Open Repositories Developer Challenge: MicroservicesAs part of the Developer Challenge at Open Repositories 2011, Jessie Keck, Michael Klein, Bess Sadler and I submitted the emergent community for Ruby-based curation microservices. While I had written some initial code in late 2010, I only intended to experiment with the California Digital Library microservices and explore how the microservices model could be used within an application, so it was never intended to be "production" ready. Taking inspiration from Jim Jagielski's opening keynote "Open Source: It’s just not for IT anymore! (pdf)", we wanted to help foster a community around the microservices, and so we took a number of initial steps to convert the various implementations of ruby microservices into a better community-driven, collaborative project:
- Created a microservices "organization" on github to hold the community-driven source code repositories. Before, the projects were held under a personal account that had a diversity of projects in various states of use and support. By creating a topic-driven organization, we hope to attract contributors and promote easier discovery of these projects
- Created a mailing list to record decisions, answer questions, and collaborate.
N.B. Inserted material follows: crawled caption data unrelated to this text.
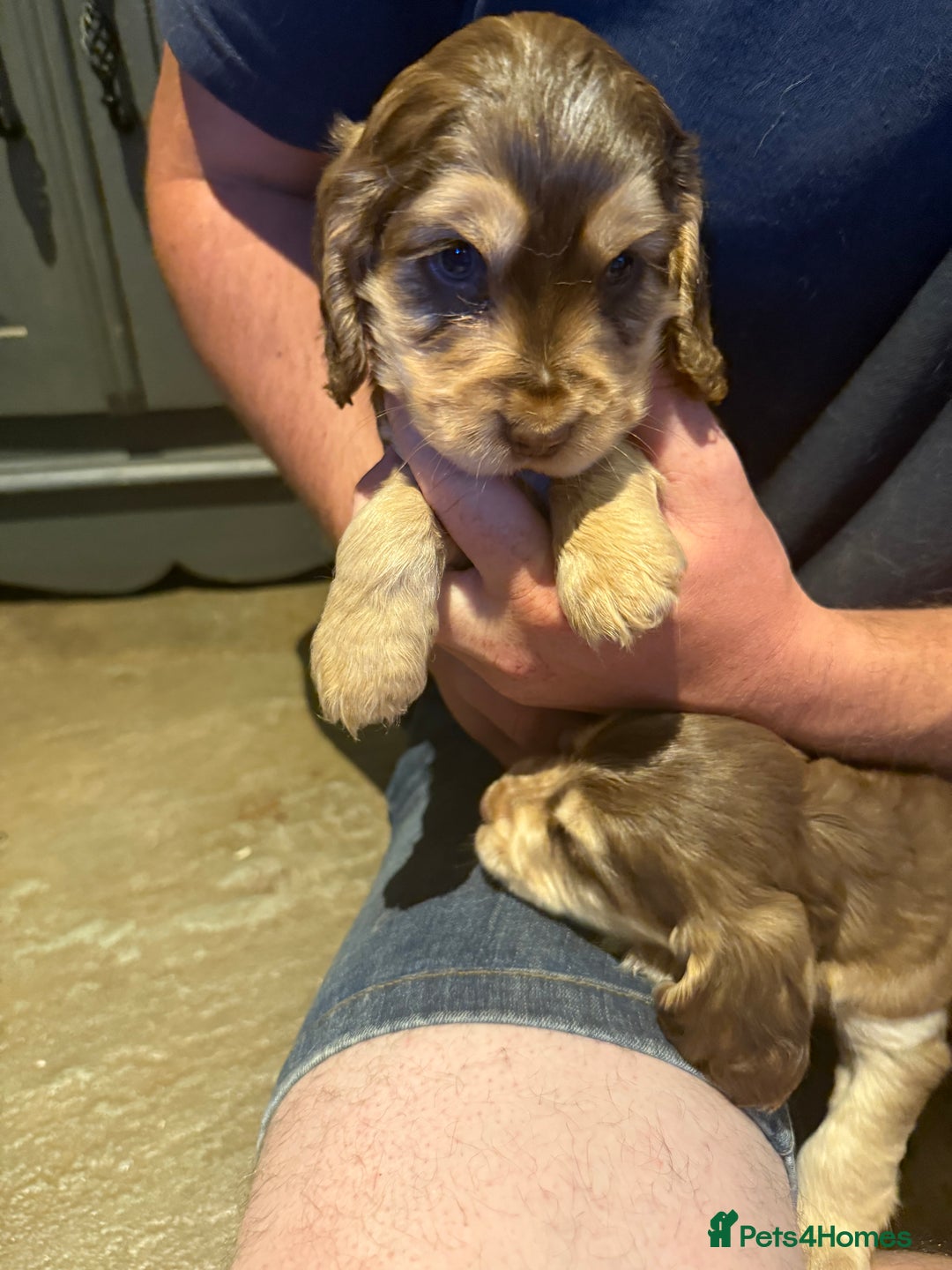 Cocker Spaniel dogs for sale: Wonderful show type cocker spaniels - Image 27
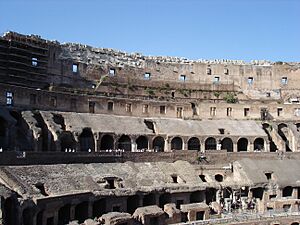 Rome (29096723)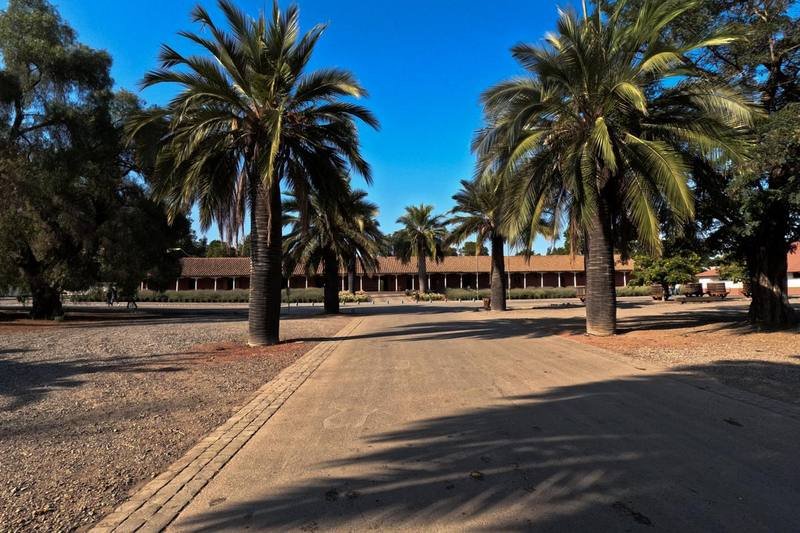 Santa Rita + Cousiño Macul: Ruta Dos Viñedos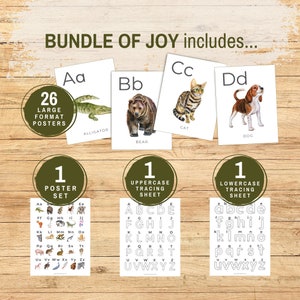 Peut inclure: Un ensemble de 26 affiches de l'alphabet illustrant des animaux, avec une feuille de tra&ccedil;age en majuscules et en minuscules assortie. Les affiches sont en grand format et pr&eacute;sentent des illustrations d'un alligator, d'un ours, d'un chat et d'un chien. Les feuilles de tra&ccedil;age sont en noir et blanc et ont un design simple.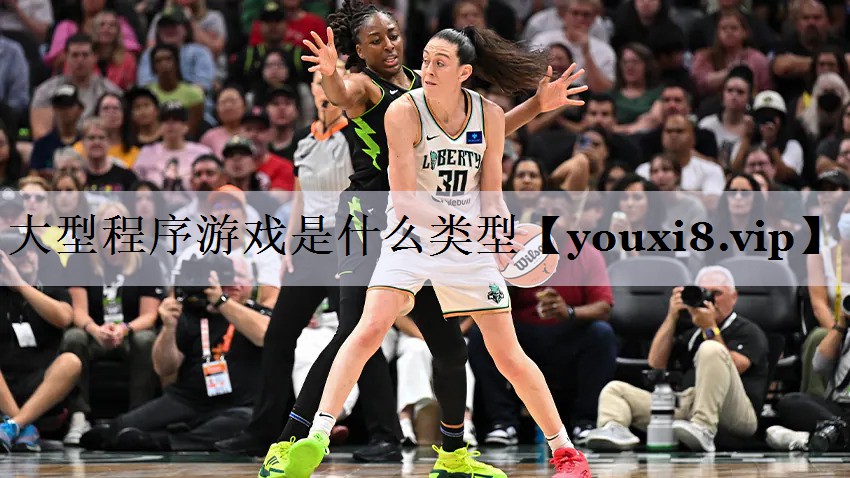 大型程序游戏是什么类型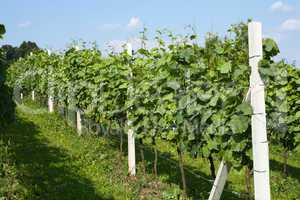 Spring vineyard in Croatia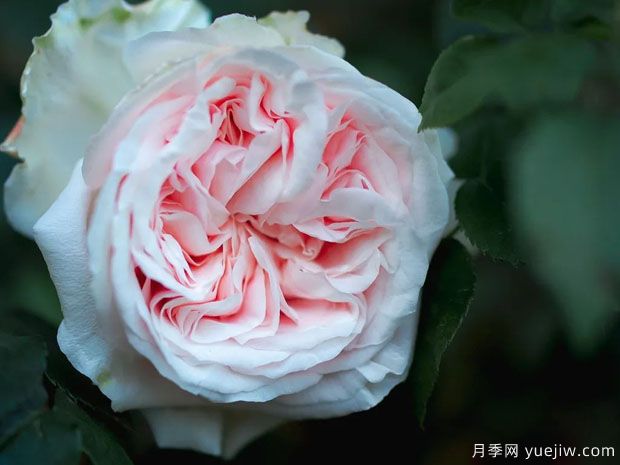 马美逊的纪念月季(图2)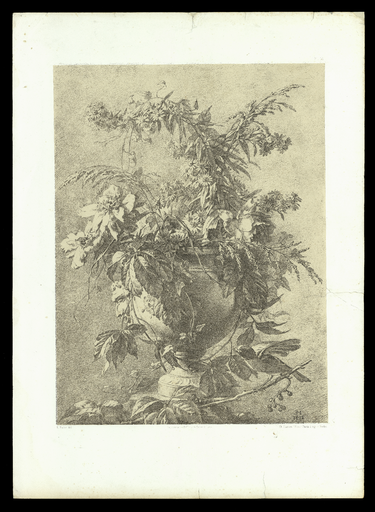[Grand vase à mascaron, aster et oiseau sur vigne vierge]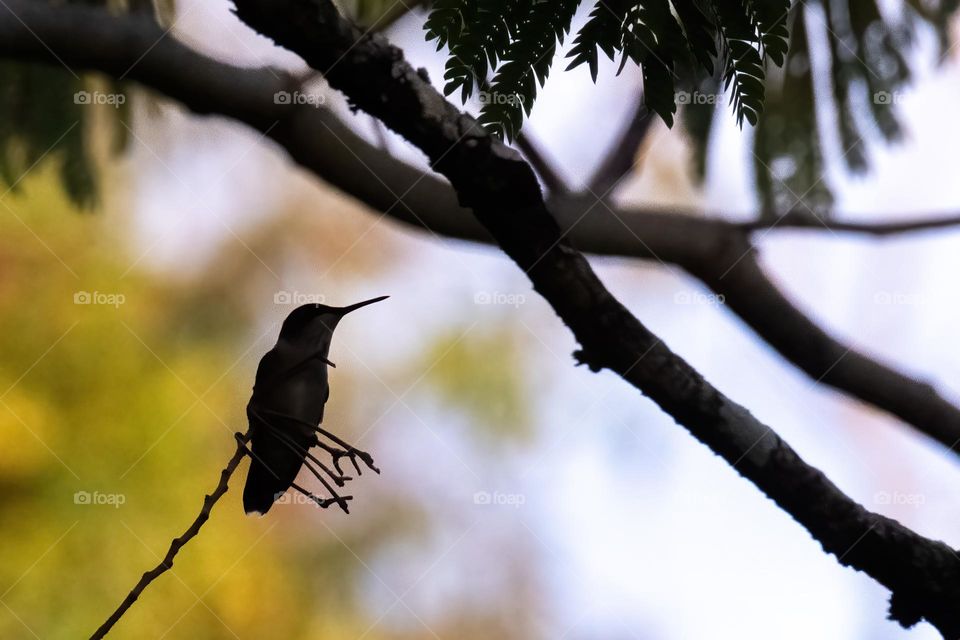 Silhouette of a ruby/throated hummingbird. 
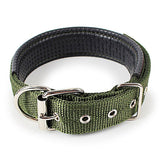 Soft Leather Lined Polypropylene Foam Dog Collar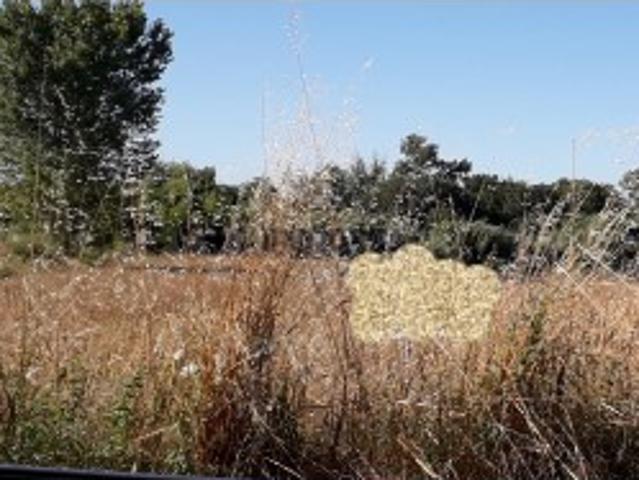 Terreno venda em Aveiro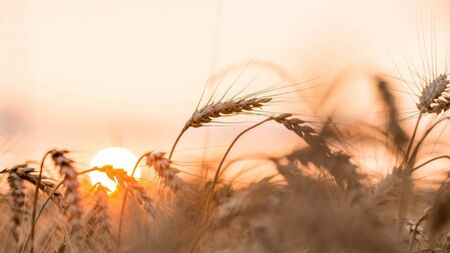 Time to Think: August … a time to give thanks for the gift of harvest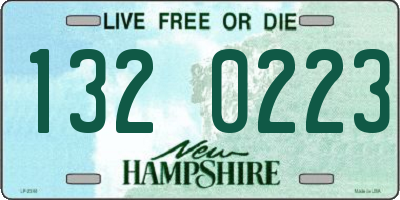 NH license plate 1320223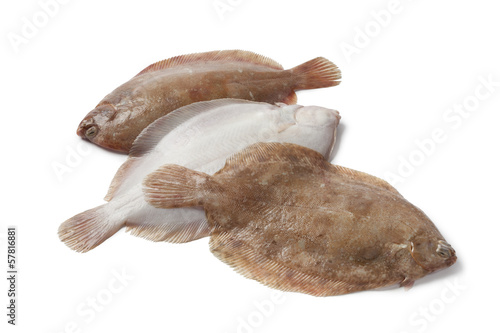 Lemon sole fishes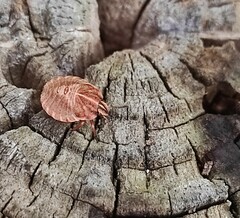 Graphosoma italicum italicum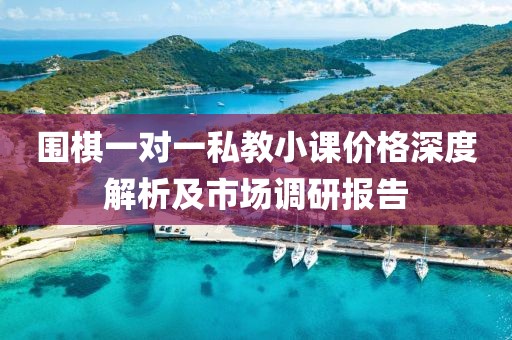 围棋一对一私教小课价格深度解析及市场调研报告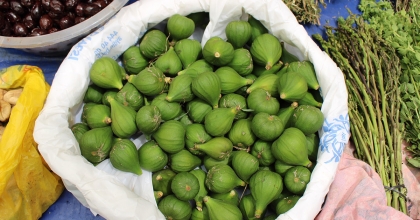 REÇELLİK İLEKLER TEZGAHA ÇIKTI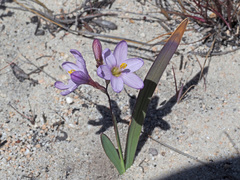 Ixia latifolia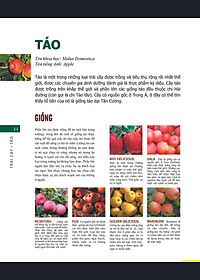product-img-23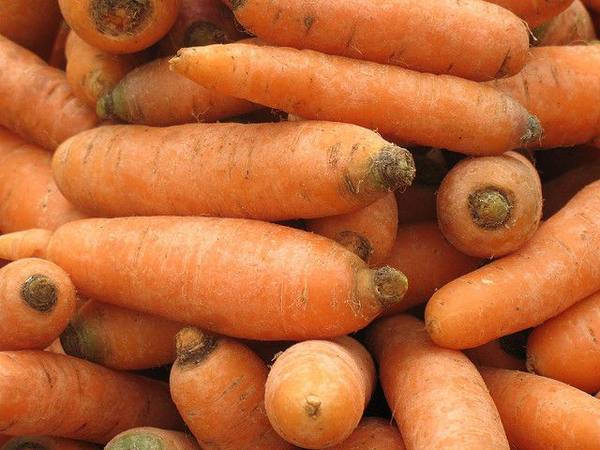 Корнеплоды в Подмосковье: подбор сортов моркови, правила выращивания культу ... - фото
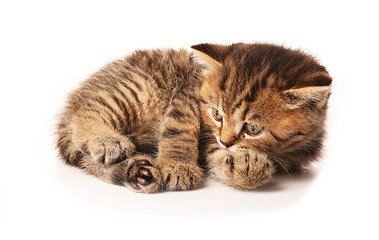 Small cute kitten, isolated on white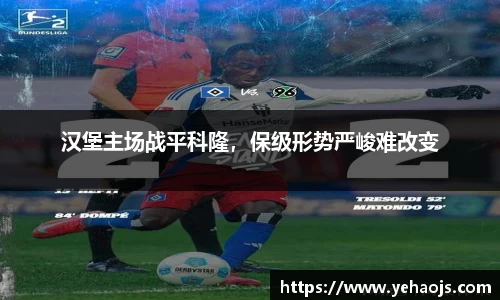 完美体育365平台官网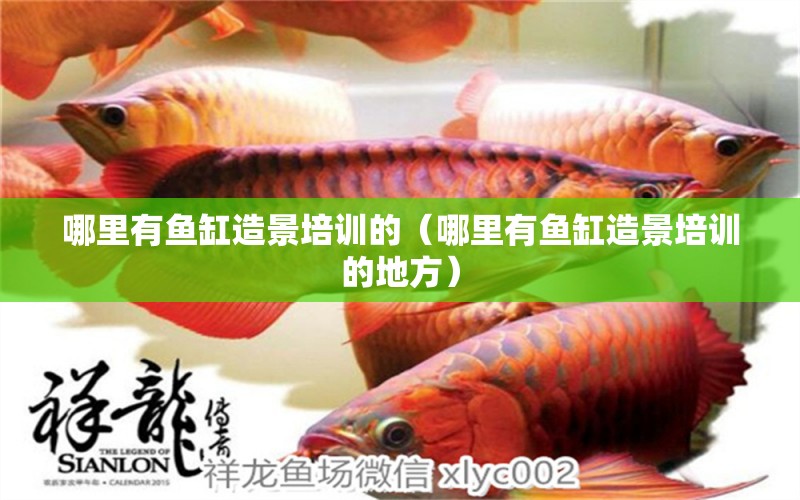 哪里有魚缸造景培訓(xùn)的（哪里有魚缸造景培訓(xùn)的地方）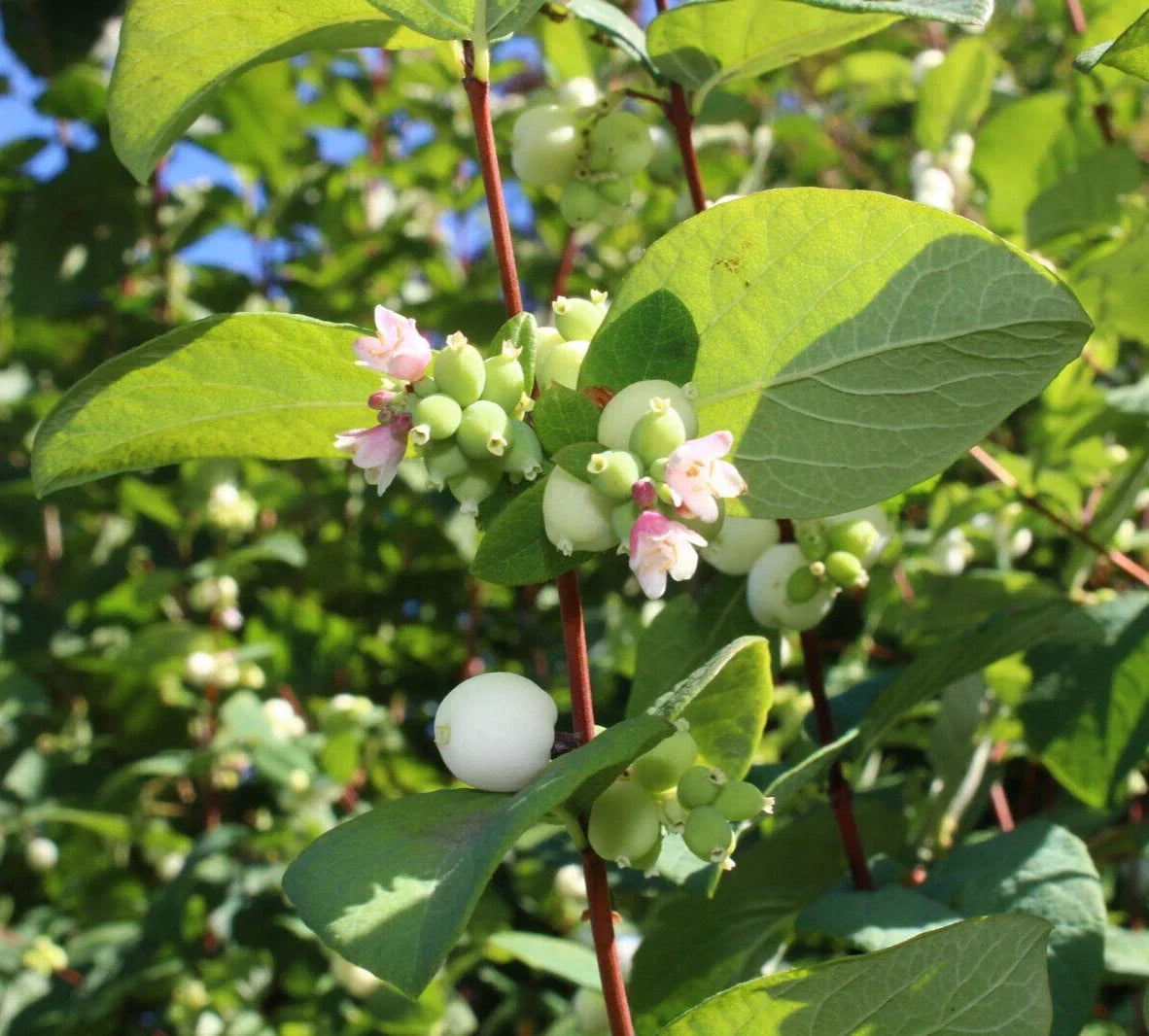 Snowberry Seeds - 40 Pack Symphoricarpos albus Honeysuckle Bush Shrub for Gardens, Borders & Wildlife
- Agreed to a set of standards and practices for microservices projects to ensure consistency and quality across these projects:
- Basic "meta" files -- like README, TODO, LICENSE, etc -- should be present and contain enough information to help people get started using and contributing to the projects
- Clarified source code licenses, and standardized on the Apache Public License 2.0 for each project.
- Vastly improved the source code testing and documentation coverage, and standardized around rspec and yard. Projects are now subject to continuous integration to ensure tests pass, documentation is built, and test coverage remains high.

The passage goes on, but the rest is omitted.